Sun announced his support for the relief efforts via a Tweet:
Over the past few days, a number of influential tech executives have joined the relief efforts for India’s COVID-19 sufferers by offering a range of assistance to the nation, however, this aid may or may not be legal under Indian laws.
Tron Joins a Dedicated Group of Philanthropists
Vitalik Buterin, the co-founder of Ethereum, offered $600,000 USD in crypto to a relief fund founded by Sandeep Nailwal, of Polygon.
Tanvi Ratna, the CEO of Policy 4.0, which focuses on blockchain issues, commented,
“This is a gutsy, though risky campaign,especially because under Indian law, foreign funds for charitable purposes are very closely scrutinized.”
The idea of sending these funds to the Indian relief effort is no doubt a great one.
However, given that India doesn’t allow the use of cryptos as money, the funds that both Sun and Buterin have generously given may have a hard time making an impact in the short term.
Google CEO Joins In
The CEO of Google and Alphabet, Sundar Pichai, is also helping the people in India during these trying times.
The CEO Tweeted,
“Devastated to see the worsening crisis in India.
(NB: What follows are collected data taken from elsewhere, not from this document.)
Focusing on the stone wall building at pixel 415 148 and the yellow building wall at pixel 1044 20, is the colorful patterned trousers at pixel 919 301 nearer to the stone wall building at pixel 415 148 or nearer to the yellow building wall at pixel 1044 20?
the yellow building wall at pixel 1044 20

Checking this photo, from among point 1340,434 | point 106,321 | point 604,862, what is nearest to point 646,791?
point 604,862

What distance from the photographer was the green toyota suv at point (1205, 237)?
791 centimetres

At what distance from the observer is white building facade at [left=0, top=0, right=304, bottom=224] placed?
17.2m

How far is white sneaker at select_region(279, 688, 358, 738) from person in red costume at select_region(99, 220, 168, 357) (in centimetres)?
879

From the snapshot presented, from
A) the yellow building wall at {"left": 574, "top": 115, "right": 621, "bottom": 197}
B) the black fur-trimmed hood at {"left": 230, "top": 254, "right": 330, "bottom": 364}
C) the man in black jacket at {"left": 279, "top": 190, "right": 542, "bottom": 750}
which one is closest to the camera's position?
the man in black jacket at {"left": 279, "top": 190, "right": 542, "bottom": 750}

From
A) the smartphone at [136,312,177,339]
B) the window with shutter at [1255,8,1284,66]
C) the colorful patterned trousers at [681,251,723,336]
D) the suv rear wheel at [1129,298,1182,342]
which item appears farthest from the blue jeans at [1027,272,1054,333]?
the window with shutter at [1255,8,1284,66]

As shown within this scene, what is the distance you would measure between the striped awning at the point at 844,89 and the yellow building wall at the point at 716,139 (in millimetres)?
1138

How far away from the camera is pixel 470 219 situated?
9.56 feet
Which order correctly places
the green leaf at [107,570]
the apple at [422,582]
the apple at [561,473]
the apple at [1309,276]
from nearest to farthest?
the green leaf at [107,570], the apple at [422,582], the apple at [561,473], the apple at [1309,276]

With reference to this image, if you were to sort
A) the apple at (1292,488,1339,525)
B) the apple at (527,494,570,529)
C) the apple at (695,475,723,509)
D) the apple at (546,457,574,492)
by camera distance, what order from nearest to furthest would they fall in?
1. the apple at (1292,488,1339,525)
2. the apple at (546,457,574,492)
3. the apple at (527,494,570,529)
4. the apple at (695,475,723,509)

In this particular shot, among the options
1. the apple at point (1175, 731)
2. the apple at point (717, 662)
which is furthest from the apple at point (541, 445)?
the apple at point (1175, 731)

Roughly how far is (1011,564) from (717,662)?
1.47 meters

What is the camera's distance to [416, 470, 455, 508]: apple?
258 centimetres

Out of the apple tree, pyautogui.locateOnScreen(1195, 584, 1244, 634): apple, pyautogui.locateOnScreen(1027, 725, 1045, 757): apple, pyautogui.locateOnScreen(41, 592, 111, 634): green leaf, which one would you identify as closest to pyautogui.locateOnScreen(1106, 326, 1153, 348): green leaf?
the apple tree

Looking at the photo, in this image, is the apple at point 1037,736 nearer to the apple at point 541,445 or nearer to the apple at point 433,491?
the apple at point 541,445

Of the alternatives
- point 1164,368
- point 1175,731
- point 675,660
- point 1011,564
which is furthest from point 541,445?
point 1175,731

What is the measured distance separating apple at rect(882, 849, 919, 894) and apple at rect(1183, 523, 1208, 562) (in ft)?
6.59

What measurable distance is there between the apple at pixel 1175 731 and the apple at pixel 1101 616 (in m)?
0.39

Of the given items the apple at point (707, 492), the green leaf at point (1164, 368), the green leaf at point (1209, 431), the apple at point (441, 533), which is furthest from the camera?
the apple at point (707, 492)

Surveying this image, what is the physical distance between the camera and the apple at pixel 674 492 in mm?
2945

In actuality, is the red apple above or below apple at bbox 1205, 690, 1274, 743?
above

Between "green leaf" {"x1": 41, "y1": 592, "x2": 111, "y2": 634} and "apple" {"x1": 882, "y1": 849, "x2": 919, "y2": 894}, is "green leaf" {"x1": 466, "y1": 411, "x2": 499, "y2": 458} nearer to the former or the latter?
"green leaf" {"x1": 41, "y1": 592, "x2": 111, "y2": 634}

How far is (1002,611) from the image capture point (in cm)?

Google and Googlers are providing Rs135 crore funding to Unicef and non-profit Give India for medical supplies, supporting high-risk communities, and grants to help spread critical information.”
The money that Pichai has pledged to Unicef amounts to more than $18 million USD, and will certainly help the nation purchase supplies to treat COVID-19 sufferers.
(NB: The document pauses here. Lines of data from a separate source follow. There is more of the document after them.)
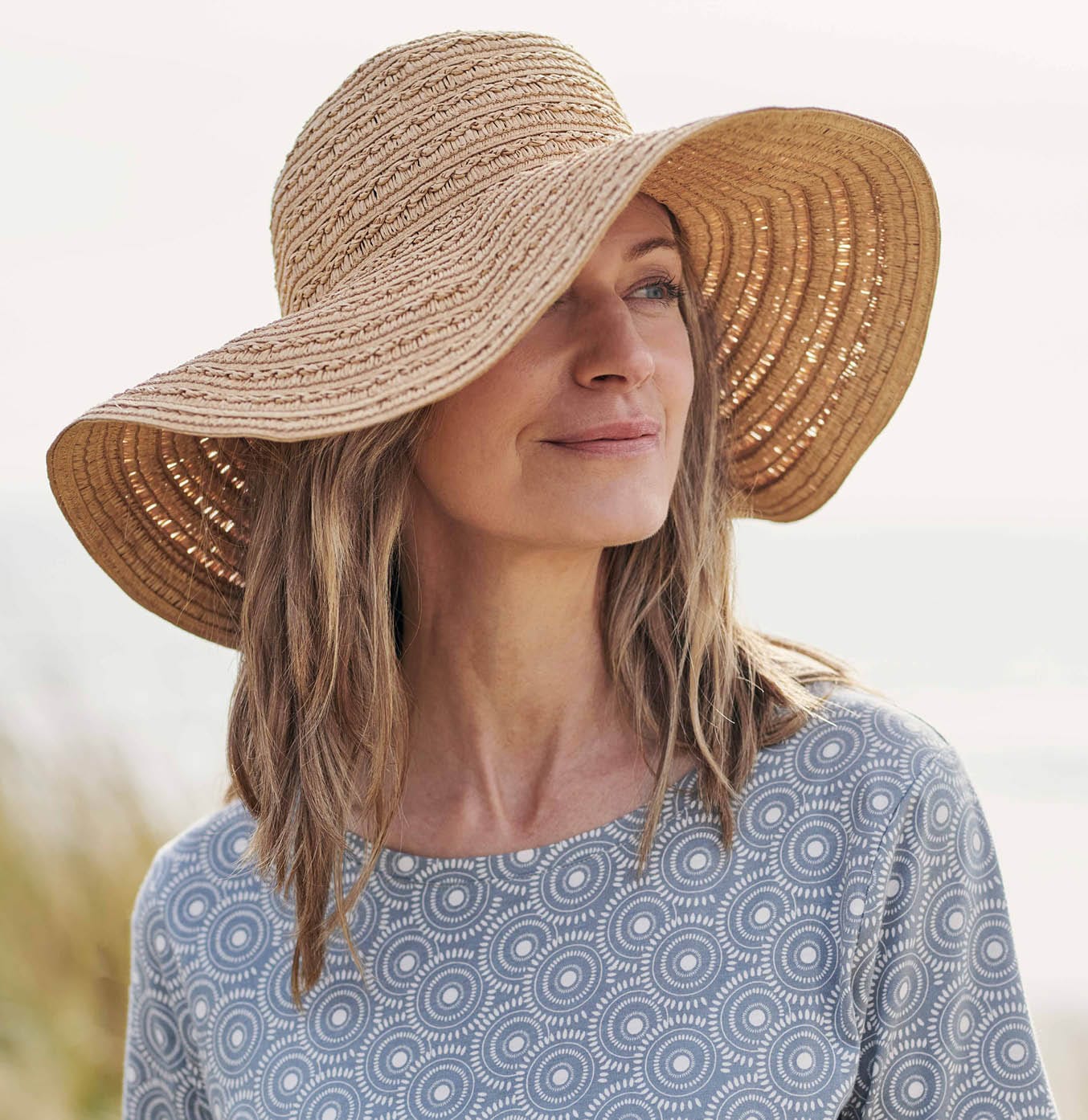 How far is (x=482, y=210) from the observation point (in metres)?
1.45

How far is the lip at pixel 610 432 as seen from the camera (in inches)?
60.4

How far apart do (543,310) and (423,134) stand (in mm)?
387

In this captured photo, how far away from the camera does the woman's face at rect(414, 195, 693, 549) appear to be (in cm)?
153

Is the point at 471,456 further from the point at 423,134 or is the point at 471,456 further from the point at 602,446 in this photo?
Answer: the point at 423,134

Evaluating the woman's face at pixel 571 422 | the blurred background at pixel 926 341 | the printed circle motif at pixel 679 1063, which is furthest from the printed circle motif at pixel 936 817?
the blurred background at pixel 926 341

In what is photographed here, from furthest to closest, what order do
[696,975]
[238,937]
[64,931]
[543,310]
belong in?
[64,931] → [238,937] → [696,975] → [543,310]

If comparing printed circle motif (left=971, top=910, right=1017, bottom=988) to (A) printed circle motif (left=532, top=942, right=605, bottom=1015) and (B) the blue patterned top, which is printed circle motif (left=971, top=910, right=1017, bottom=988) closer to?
(B) the blue patterned top

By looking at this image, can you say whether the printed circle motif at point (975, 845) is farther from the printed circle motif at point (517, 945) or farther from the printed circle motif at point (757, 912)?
the printed circle motif at point (517, 945)

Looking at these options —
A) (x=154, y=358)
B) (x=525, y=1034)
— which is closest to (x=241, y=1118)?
(x=525, y=1034)

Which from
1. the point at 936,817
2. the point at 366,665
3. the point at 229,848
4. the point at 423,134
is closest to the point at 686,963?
the point at 936,817

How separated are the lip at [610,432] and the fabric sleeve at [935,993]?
514mm

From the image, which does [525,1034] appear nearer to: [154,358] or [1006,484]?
[154,358]

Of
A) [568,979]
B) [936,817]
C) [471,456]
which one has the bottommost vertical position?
[568,979]

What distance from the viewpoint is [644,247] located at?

India has a population of more than 1 billion people, and many of them are severely impoverished.
No Great Solutions
While the rate of COVID-19 infections in many developed nations has been falling, the opposite is true in India. The official statistics for COVID-19 infections in the country at more than a third of a million, which is the highest anywhere in the world.
According to Reuters, a man standing outside of a hospital in Ahmedabad, which is the largest city in Prime Minister Modi’s home state of Gujarat, was candid in his assessment of the situation.
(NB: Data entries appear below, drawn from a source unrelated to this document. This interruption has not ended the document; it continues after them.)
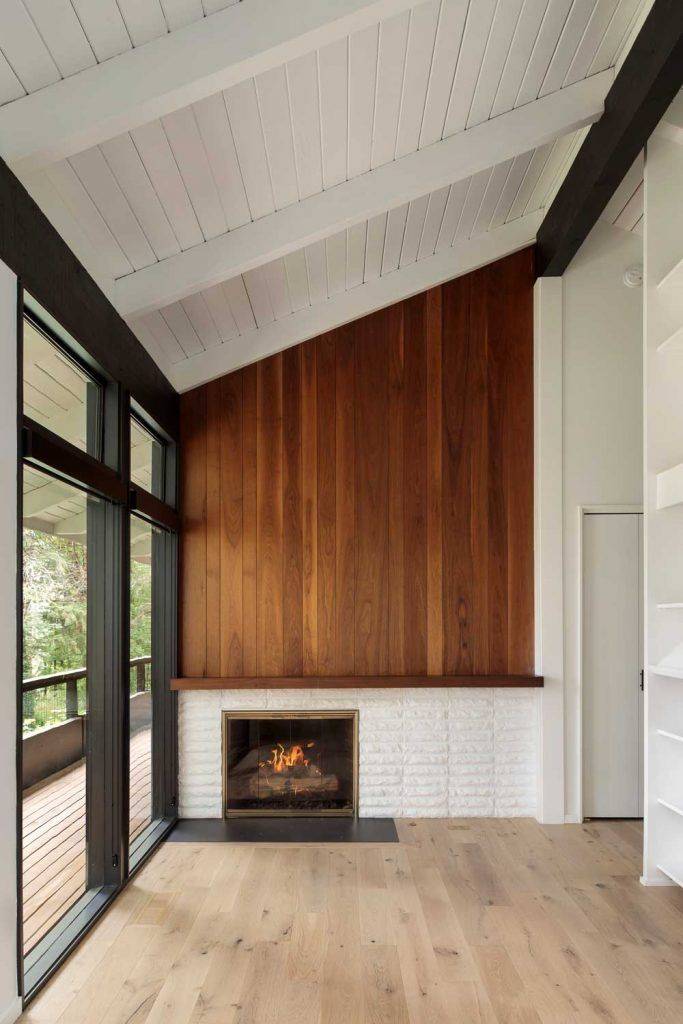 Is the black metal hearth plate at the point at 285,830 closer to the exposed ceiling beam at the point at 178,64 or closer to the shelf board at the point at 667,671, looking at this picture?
the shelf board at the point at 667,671

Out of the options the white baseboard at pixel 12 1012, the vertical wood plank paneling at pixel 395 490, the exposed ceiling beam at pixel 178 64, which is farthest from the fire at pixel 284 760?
the exposed ceiling beam at pixel 178 64

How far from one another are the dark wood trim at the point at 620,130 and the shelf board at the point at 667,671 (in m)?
2.39

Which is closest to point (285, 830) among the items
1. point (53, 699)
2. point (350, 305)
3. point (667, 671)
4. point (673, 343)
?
point (53, 699)

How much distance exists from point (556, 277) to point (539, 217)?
0.39 metres

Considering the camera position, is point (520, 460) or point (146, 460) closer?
point (146, 460)

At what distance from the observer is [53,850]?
3.38 m

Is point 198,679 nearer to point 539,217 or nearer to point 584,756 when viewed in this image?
point 584,756

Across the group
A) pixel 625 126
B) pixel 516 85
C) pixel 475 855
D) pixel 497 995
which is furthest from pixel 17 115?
pixel 475 855

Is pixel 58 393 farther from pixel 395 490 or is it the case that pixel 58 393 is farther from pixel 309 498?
pixel 395 490

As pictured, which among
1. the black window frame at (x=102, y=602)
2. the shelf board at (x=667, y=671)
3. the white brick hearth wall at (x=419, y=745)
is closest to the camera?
the black window frame at (x=102, y=602)

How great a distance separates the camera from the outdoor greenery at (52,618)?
3.06 m

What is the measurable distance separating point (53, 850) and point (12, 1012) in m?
0.67

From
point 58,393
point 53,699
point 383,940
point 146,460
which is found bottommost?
point 383,940

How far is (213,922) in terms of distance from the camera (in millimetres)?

“People are dying in front of hospitals while they wait for a bed to become available.”
Another unidentified bystander told asked, “Is this why we voted for this government? When we need it the most, we find ourselves all alone. Where will the poor go?”
Of course, the situation is made more complex by the cryptocurrency regulations India has created, which will likely keep the money that Sun sent in crypto form from being used immediately.
In fact, Indian crypto regulations may scare the recipients into waiting for a clear signal from the Modi government, and not risk spending them on a humanitarian tragedy that just seems to be getting worse.
The Need for Direct Aid
The COVID-19 situation in India raises a number of questions, one of the being the role of government in a nation that simply can’t protect its own population.
While some amount of governance is necessary, when it keeps aid from flowing to the people who badly need it, a pause must be taken to consider what is really best for people who have almost no economic standing in the global economy.
Cryptos can create channels for aid to flow, but it is up to the people to demand the right to free global capital markets, and the ability to truly own a small amount of the global economic order.